My understanding is that the sample clock will trigger the AD conversion on the card, and then you can collect the results with a call to DAQmx read. If you call DAQmx read immediately after the sample clock pulse, it will have to wait for AD conversion to finish before it returns. If you call it after the AD conversion has finished (this is what I'm trying to do), but before the next sample clock appears, it should return immediately. So although they say HWTSP mode doesn't have a buffer, I think there actually is a buffer to hold a single sample for each channel.
I'm happy to be corrected about the above statement. It's a pity this kind of detailed information can't be found in NI documentation.
Regarding your points 6-11:
I'm actually doing something very similar on other PXI systems that don't use the SC Express cards.

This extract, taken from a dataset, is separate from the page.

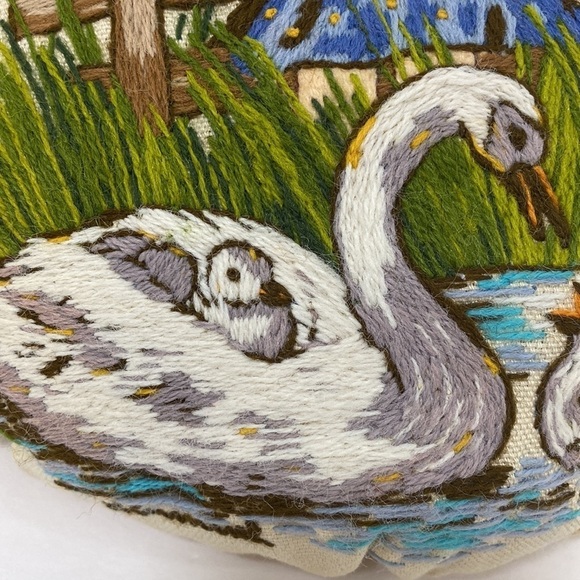 Vintage 60's/70's Fully Embroidered Mini Accent Pillow "Girl by the Duck Pond" - Picture 5 of 11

But in this case I cannot use this approach because the group delay of the SC Express cards is unacceptably high in buffered mode (well, NI calls it "group delay", but actually it's not a group delay but a dead-time). For realtime/control use cases, the SC Express cards can only be used in HWTSP mode, unfortunately.
03-12-2021 05:07 AM
I'll go with your observations about AI -- my experience with HWTSP under RT is limited and very stale. It does sound like the behavior is similar to a task with a buffer size of 1 that's set to allow overwriting.

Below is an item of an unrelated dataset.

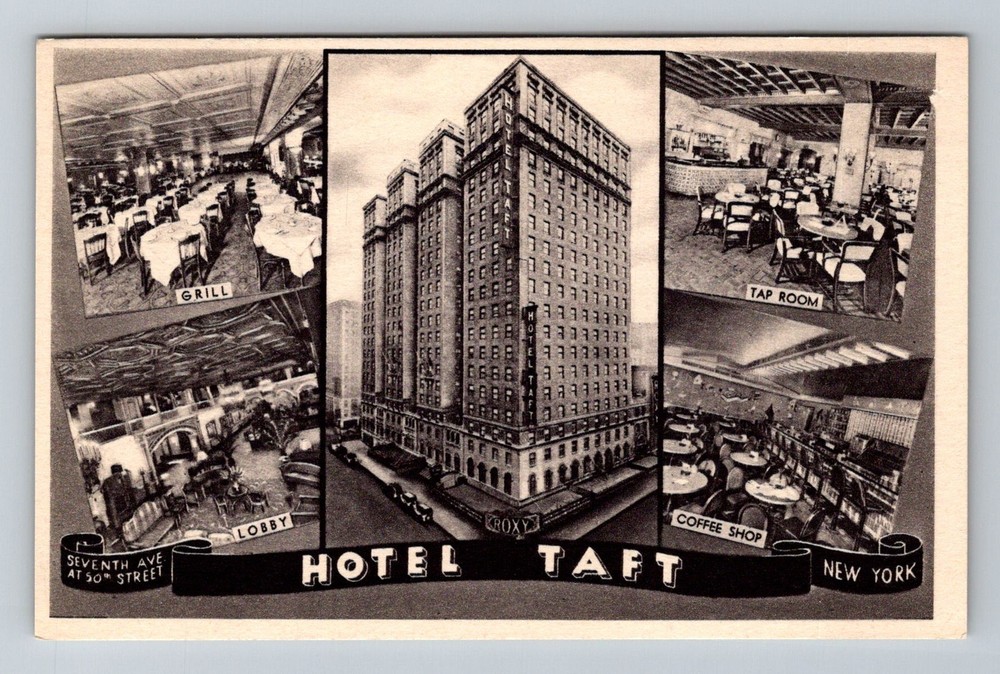 New York City NY, Hotel Taft Times Square Lobby and Grill Vintage Postcard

Perhaps the 4303's can be left in HWTSP mode and the code can be structured so that they read first, *then* you use the "read recent samples" trick to read 1 single past sample from the X-series boards. That means you're looking 1 sample into the past with the X-series data, but the 4303's have *some* amount of group delay as well, so those are looking into the past a bit too.
Note that you'll probably have to special handling of the very first 4303 sample clock b/c the X-series won't have finished their first round of convert clocks yet.
All this will roughly have the effect of cutting your control loop rate in half. Cycle i retrieves X-series data from cycle i-1, performs a control law calc and writes to AO. That output value gets generated on the *next* sample clock at cycle i+1. So even if you update the output at 1 kHz (for example), it's reacting to inputs from ~2 msec ago. So it acts more like a 500 Hz control loop.
The upside is that the timing should be *consistent*.
-Kevin P
03-17-2021 04:03 AM
Using the X-series cards in buffered mode for this use case is something I hadn't considered yet. Meanwhile it's no longer necessary for me to try this because I (re-) discovered a solution that works with all cards in HWTSP mode: Looking at the old Phar Lap code, I realized that I had the Start-Trigger commented out. When I remove the Start Trigger setup from the Linux version as well, it works reliably. The formula to call DAQmx read is then:
if (LoopCnt >= 2 * AIDecimation + 1 && LoopCnt % AIDecimation == AIDecimation - 1)
{
DAQmxRead();
}
else
{
// do nothing
}
So yes, for 1kHz loop rate and AIDecimation == 2 this will effectively be a 500Hz control loop.
For my use case it doesn't matter what happens during the first few loop iterations, so I can live without the start trigger. But I won't mark this as a solution because I think it should also work with a start trigger. The start trigger delay could also play an important role here. By default it is 4 ticks of the sample clock timebase, which is a 100MHz clock when not using a decimation (so a neglectable delay) but (in my case) a 1kHz clock when using a decimation.
I tried all sorts of things to reflect this start trigger delay in the above formula, but it just doesn't produce reliable results (sometimes it works, sometimes not).